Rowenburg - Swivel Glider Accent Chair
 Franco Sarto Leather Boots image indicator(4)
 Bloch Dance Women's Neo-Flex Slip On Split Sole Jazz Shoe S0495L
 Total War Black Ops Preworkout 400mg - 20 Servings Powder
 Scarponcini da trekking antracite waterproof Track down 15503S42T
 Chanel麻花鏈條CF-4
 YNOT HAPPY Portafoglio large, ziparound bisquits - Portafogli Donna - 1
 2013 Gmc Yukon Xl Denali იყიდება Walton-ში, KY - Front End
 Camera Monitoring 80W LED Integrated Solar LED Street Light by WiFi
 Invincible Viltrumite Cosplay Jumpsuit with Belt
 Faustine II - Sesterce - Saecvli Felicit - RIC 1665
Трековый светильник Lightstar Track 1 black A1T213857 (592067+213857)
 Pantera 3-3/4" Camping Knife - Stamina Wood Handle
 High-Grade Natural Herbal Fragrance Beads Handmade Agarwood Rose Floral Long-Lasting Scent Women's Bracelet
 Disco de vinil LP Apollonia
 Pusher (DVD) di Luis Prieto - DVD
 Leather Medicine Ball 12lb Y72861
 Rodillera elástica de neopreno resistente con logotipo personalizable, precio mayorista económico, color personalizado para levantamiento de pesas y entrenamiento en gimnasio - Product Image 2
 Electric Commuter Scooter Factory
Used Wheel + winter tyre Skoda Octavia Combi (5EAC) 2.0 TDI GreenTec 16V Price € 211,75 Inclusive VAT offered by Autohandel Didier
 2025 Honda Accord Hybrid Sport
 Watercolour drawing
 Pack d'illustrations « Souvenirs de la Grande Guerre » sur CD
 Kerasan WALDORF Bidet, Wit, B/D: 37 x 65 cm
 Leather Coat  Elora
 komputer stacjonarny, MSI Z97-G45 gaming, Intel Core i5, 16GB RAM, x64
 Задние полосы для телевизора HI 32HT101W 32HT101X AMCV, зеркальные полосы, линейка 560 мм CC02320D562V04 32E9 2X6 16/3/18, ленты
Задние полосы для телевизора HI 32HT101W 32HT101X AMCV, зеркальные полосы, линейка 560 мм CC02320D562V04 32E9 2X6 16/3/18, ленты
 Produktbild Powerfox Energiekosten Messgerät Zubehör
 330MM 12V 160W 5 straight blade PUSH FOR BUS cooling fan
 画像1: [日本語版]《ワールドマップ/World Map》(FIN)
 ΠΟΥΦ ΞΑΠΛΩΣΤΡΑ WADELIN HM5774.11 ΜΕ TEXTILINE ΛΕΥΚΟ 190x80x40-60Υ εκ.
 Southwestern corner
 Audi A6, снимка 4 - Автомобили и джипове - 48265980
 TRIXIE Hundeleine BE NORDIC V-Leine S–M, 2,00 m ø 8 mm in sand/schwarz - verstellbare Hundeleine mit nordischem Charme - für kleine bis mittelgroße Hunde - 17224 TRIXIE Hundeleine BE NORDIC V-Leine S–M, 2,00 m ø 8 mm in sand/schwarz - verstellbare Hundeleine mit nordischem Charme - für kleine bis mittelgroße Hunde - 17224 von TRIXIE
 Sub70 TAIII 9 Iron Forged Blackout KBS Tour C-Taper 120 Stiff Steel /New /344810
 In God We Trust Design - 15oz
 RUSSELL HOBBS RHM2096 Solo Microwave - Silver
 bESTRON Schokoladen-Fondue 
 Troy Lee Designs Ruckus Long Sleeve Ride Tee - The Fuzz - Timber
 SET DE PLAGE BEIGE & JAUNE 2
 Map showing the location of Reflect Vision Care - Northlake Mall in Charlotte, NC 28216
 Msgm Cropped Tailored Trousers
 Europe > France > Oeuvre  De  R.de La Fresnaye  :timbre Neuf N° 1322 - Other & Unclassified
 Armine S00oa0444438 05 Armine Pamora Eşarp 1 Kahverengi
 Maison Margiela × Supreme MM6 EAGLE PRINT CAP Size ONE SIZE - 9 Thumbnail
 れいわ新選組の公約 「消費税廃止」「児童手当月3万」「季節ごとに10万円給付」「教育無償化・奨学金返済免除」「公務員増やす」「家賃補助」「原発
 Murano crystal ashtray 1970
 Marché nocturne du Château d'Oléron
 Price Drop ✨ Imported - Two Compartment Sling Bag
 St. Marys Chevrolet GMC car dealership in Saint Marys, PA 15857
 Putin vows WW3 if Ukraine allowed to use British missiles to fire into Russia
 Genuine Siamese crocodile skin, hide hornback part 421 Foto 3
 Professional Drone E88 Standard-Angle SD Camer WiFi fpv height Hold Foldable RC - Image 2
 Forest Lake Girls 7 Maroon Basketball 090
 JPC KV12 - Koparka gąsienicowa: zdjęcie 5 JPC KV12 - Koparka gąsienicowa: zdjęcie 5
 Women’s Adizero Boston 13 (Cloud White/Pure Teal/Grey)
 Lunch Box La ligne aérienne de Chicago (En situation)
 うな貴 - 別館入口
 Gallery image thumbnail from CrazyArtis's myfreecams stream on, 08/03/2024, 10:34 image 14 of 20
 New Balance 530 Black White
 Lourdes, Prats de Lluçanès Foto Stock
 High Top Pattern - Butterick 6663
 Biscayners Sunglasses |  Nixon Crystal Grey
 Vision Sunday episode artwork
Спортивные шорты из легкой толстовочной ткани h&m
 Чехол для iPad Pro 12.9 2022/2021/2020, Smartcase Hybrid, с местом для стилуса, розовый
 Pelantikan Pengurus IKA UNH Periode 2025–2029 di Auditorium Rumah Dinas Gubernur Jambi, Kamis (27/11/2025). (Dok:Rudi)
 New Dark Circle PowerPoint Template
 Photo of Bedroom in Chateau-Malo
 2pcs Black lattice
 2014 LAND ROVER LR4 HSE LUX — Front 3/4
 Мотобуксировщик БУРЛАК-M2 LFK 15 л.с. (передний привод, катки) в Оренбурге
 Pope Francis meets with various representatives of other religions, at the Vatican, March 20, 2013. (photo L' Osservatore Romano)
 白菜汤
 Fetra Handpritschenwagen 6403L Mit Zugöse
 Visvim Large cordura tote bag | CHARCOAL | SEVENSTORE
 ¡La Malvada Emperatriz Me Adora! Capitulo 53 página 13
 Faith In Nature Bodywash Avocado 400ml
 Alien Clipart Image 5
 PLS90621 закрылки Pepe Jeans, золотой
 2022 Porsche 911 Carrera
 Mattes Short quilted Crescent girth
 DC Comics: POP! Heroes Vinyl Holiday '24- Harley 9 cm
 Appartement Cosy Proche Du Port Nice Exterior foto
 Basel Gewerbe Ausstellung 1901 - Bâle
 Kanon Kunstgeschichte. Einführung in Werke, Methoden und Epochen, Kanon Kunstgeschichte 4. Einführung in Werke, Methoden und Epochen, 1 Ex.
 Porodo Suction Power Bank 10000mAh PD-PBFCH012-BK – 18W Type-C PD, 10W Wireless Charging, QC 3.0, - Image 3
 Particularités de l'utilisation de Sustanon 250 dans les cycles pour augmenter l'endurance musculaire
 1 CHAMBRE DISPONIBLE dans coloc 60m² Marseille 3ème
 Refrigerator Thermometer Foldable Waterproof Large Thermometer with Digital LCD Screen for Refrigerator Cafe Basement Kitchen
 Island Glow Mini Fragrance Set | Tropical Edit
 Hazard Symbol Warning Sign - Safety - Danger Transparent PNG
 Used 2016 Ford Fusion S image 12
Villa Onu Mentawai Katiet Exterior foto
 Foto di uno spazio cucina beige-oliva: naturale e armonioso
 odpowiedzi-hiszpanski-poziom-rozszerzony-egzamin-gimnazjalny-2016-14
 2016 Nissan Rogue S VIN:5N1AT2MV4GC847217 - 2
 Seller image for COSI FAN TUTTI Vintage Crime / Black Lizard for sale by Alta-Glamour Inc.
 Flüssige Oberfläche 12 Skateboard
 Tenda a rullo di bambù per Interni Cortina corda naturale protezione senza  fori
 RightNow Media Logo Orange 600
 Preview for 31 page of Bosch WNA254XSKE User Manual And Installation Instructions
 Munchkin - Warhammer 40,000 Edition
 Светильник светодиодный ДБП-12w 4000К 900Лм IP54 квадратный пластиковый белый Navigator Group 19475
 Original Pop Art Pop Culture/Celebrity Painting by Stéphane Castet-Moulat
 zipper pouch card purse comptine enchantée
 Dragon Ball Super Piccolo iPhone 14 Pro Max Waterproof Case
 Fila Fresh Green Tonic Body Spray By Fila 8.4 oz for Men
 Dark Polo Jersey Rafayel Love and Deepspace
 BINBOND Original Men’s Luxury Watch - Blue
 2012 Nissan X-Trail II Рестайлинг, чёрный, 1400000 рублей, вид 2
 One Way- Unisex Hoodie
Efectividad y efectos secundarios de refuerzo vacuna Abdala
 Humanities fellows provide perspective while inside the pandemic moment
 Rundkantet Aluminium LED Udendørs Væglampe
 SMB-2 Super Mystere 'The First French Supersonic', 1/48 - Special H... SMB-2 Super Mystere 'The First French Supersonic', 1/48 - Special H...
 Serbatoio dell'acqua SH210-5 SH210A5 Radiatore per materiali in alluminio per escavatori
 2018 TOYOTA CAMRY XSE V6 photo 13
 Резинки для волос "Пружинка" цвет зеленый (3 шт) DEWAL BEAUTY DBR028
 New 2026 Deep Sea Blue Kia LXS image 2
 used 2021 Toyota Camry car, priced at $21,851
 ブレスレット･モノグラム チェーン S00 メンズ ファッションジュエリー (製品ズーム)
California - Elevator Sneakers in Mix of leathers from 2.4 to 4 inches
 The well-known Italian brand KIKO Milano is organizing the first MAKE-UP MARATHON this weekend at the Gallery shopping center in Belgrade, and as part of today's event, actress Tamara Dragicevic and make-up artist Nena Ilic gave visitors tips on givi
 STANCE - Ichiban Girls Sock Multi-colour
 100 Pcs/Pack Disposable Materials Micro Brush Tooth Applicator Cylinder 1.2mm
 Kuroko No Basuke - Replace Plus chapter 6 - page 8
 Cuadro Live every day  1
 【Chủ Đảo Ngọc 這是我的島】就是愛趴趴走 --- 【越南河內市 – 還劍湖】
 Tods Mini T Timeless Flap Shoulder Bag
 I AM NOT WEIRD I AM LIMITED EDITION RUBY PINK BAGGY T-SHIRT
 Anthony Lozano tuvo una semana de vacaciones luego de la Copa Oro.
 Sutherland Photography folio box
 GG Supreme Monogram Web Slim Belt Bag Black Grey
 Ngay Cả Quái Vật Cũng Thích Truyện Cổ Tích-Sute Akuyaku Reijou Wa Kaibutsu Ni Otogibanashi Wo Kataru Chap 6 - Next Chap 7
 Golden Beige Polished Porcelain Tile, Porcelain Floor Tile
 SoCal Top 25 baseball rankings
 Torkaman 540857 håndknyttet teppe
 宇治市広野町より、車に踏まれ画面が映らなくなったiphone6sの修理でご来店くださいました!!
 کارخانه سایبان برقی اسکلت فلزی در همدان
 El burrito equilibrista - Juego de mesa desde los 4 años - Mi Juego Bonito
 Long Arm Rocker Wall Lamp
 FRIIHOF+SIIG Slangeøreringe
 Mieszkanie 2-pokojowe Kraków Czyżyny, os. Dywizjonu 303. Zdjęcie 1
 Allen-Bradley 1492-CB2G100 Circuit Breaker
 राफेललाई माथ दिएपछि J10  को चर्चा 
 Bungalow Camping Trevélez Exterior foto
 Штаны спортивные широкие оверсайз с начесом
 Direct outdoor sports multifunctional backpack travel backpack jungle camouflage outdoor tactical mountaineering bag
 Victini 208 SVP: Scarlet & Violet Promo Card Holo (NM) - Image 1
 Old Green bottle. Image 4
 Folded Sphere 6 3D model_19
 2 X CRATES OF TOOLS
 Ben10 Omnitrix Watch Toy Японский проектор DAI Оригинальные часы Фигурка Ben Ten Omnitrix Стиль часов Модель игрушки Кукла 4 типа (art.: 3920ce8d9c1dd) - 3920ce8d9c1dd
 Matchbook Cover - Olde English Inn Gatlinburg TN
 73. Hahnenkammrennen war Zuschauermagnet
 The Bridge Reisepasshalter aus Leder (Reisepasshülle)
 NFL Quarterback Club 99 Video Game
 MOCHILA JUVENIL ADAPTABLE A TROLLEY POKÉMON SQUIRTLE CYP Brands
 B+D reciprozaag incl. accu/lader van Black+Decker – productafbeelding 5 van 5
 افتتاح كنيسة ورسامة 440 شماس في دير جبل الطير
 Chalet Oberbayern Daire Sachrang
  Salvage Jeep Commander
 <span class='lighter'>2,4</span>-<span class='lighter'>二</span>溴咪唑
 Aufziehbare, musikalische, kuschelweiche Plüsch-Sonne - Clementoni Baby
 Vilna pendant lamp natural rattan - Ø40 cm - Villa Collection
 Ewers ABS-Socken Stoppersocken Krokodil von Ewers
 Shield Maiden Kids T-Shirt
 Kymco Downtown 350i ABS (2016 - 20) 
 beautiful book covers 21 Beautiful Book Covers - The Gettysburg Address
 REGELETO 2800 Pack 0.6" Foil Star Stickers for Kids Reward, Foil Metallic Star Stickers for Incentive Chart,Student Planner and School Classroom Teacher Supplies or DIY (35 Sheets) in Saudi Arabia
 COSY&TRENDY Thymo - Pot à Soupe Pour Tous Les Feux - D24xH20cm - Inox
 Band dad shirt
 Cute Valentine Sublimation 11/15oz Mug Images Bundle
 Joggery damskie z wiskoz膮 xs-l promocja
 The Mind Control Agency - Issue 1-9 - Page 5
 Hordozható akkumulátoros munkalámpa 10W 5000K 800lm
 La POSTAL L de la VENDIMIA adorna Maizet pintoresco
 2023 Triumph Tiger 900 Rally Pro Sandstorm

Assignment: After locating the line with "Fetra Handpritschenwagen 6403L Mit Zugöse" above, return that line and every later line through the one with "Flüssige Oberfläche 12 Skateboard", word for word and with nothing else.

Reply:
 Fetra Handpritschenwagen 6403L Mit Zugöse
 Visvim Large cordura tote bag | CHARCOAL | SEVENSTORE
 ¡La Malvada Emperatriz Me Adora! Capitulo 53 página 13
 Faith In Nature Bodywash Avocado 400ml
 Alien Clipart Image 5
 PLS90621 закрылки Pepe Jeans, золотой
 2022 Porsche 911 Carrera
 Mattes Short quilted Crescent girth
 DC Comics: POP! Heroes Vinyl Holiday '24- Harley 9 cm
 Appartement Cosy Proche Du Port Nice Exterior foto
 Basel Gewerbe Ausstellung 1901 - Bâle
 Kanon Kunstgeschichte. Einführung in Werke, Methoden und Epochen, Kanon Kunstgeschichte 4. Einführung in Werke, Methoden und Epochen, 1 Ex.
 Porodo Suction Power Bank 10000mAh PD-PBFCH012-BK – 18W Type-C PD, 10W Wireless Charging, QC 3.0, - Image 3
 Particularités de l'utilisation de Sustanon 250 dans les cycles pour augmenter l'endurance musculaire
 1 CHAMBRE DISPONIBLE dans coloc 60m² Marseille 3ème
 Refrigerator Thermometer Foldable Waterproof Large Thermometer with Digital LCD Screen for Refrigerator Cafe Basement Kitchen
 Island Glow Mini Fragrance Set | Tropical Edit
 Hazard Symbol Warning Sign - Safety - Danger Transparent PNG
 Used 2016 Ford Fusion S image 12
Villa Onu Mentawai Katiet Exterior foto
 Foto di uno spazio cucina beige-oliva: naturale e armonioso
 odpowiedzi-hiszpanski-poziom-rozszerzony-egzamin-gimnazjalny-2016-14
 2016 Nissan Rogue S VIN:5N1AT2MV4GC847217 - 2
 Seller image for COSI FAN TUTTI Vintage Crime / Black Lizard for sale by Alta-Glamour Inc.
 Flüssige Oberfläche 12 Skateboard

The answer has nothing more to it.